Excerpts from a dataset:
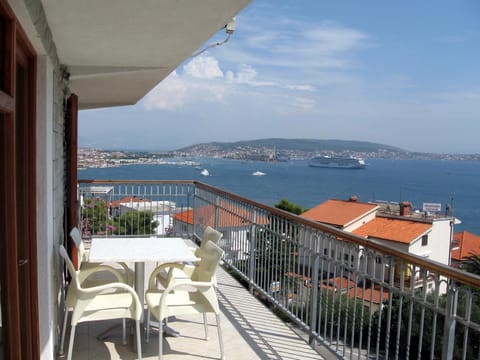 Day, Balcony/Terrace, City view, Landmark view, Sea view
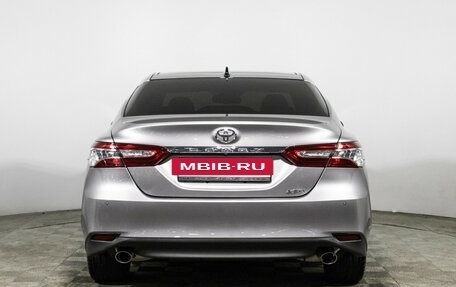Toyota Camry, 2022 год, 3 299 700 рублей, 6 фотография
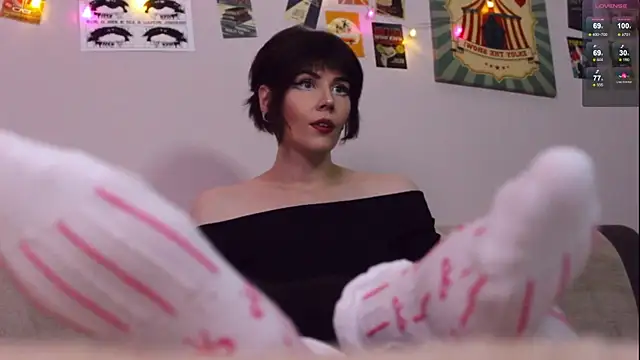 Luna Blake online show from 04/19/26, 05:14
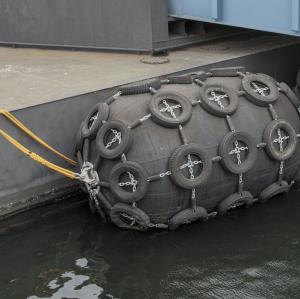 Wholesale Natural Rubber Yokohama Pneumatic Fender 50kpa 80kpa 2.5m*3.5m from china suppliers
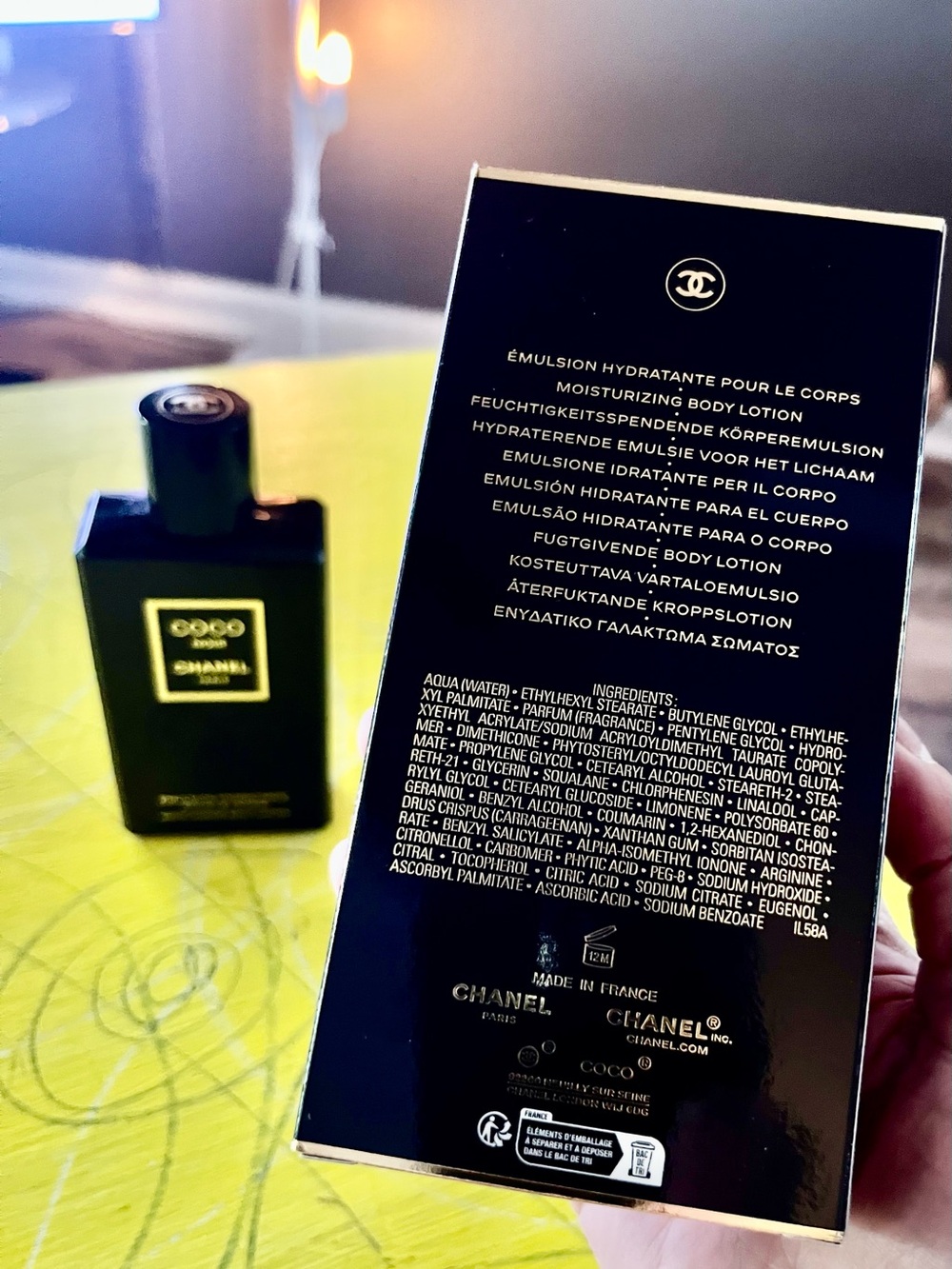 CHANEL Coco Noir Moisturizing Body Lotion - Black & Gold - Picture 5 of 8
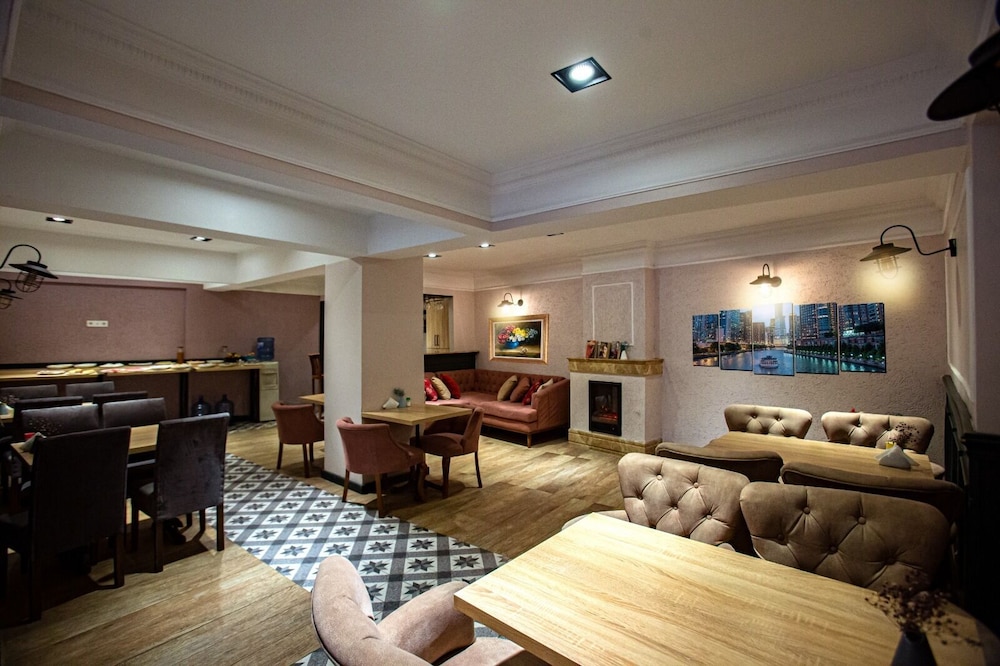 COMFORT HOTEL TAKSIM 32/49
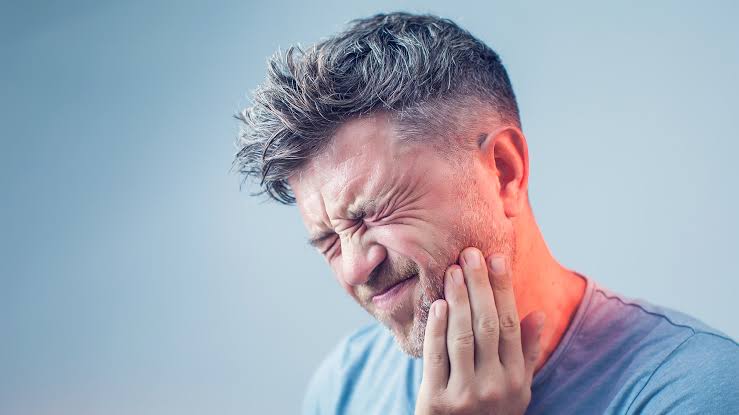 Why Is My Tooth Throbbing? Causes & Relief (2026)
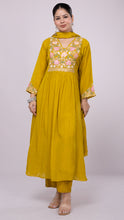 Ishya Kurti with Pants Set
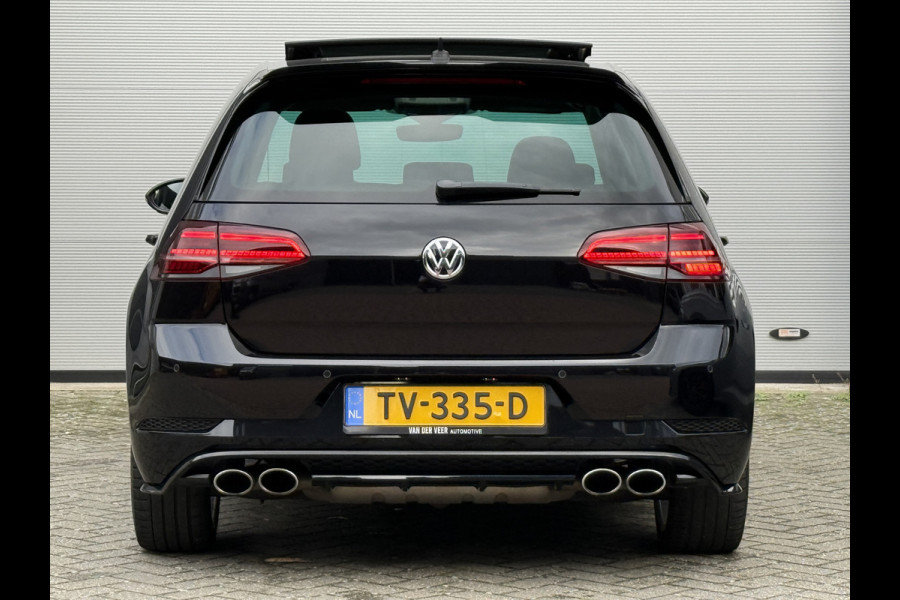 Volkswagen Golf 1.5 TSI Highline Business R | Apple Carplay | Panoramadak | ACC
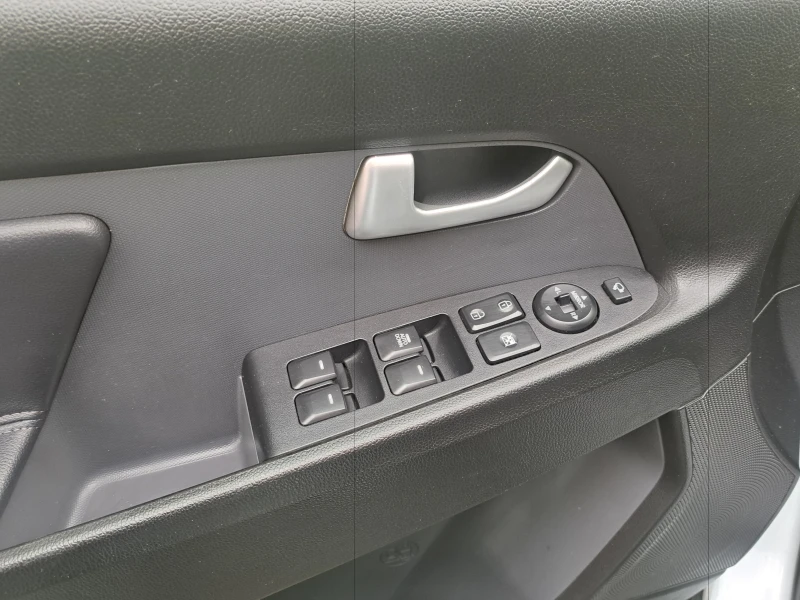 Kia Sportage 1.7CRDI-ПЕРФЕКТЕН, снимка 7 - Автомобили и джипове - 52358804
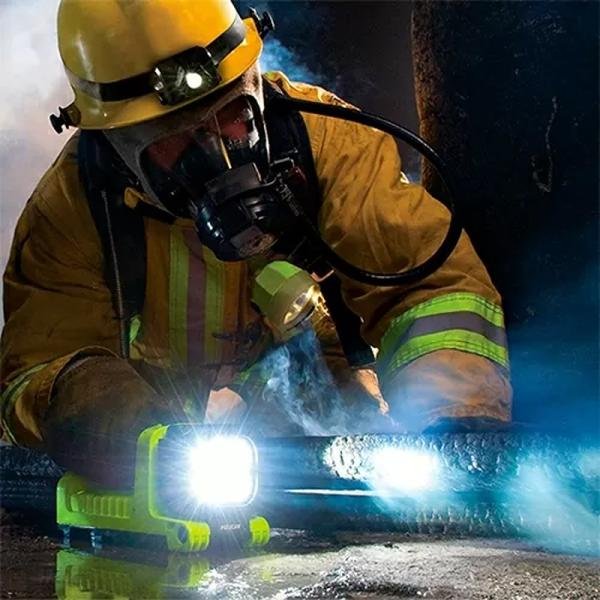 Pelican 9415I,NiMH-FAST,LED-220v-INT'L,IECEx,YW - 094150-0002-245I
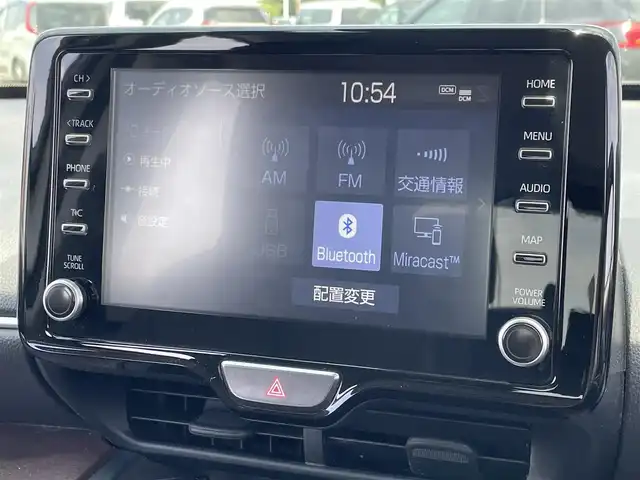 トヨタ ヤリスクロス ハイブリッド Z 佐賀県 2021(令3)年 4.4万km ブラックマイカ/ホワイトパールクリスタルシャイン 2トーン ワンオーナー/純正8インチ ディスプレイオーディオ（Plus）/・AM/FM/BT/Apple Car Play/Android Auto/・アラウンドビューモニター/レーダー探知機/全方位ドライブレコーダー/ブラインドスポットモニター/レーダークルーズコントロール/ステアリングヒーター/ハーフレザーシート/・前席シートヒーター/・パワーシート(運転席)/メーカーOP電動リアゲート/USB入力端子/ETC/純正フロアマット/新車保証書/取扱説明書/トヨタセーフティーセンス/・プリクラッシュセーフティ/・レーダークルーズコントロール（全車速追従機能付）/・レーンディパーチャーアラート（ステアリング制御機能付）/・レーントレーシングアシスト（車線維持支援）/・オートマチックハイビーム/・ロードサインアシスト（標識認識機能）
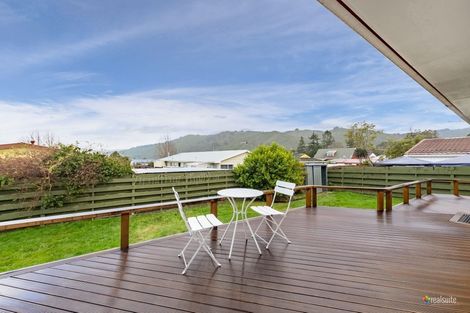 Photo of property in 2/35 Shanly Street, Brown Owl, Upper Hutt, 5018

→ **WHAT YOU NEED TO DO**: Write out each line exactly, from the one containing "Ishya Kurti with Pants Set" through the end of the entries, and skip the pictures.

→ **RESULT OF THE EXERCISE**:
 Ishya Kurti with Pants Set
 Volkswagen Golf 1.5 TSI Highline Business R | Apple Carplay | Panoramadak | ACC
 Kia Sportage 1.7CRDI-ПЕРФЕКТЕН, снимка 7 - Автомобили и джипове - 52358804
 Pelican 9415I,NiMH-FAST,LED-220v-INT'L,IECEx,YW - 094150-0002-245I
 トヨタ ヤリスクロス ハイブリッド Z 佐賀県 2021(令3)年 4.4万km ブラックマイカ/ホワイトパールクリスタルシャイン 2トーン ワンオーナー/純正8インチ ディスプレイオーディオ（Plus）/・AM/FM/BT/Apple Car Play/Android Auto/・アラウンドビューモニター/レーダー探知機/全方位ドライブレコーダー/ブラインドスポットモニター/レーダークルーズコントロール/ステアリングヒーター/ハーフレザーシート/・前席シートヒーター/・パワーシート(運転席)/メーカーOP電動リアゲート/USB入力端子/ETC/純正フロアマット/新車保証書/取扱説明書/トヨタセーフティーセンス/・プリクラッシュセーフティ/・レーダークルーズコントロール（全車速追従機能付）/・レーンディパーチャーアラート（ステアリング制御機能付）/・レーントレーシングアシスト（車線維持支援）/・オートマチックハイビーム/・ロードサインアシスト（標識認識機能）
 Photo of property in 2/35 Shanly Street, Brown Owl, Upper Hutt, 5018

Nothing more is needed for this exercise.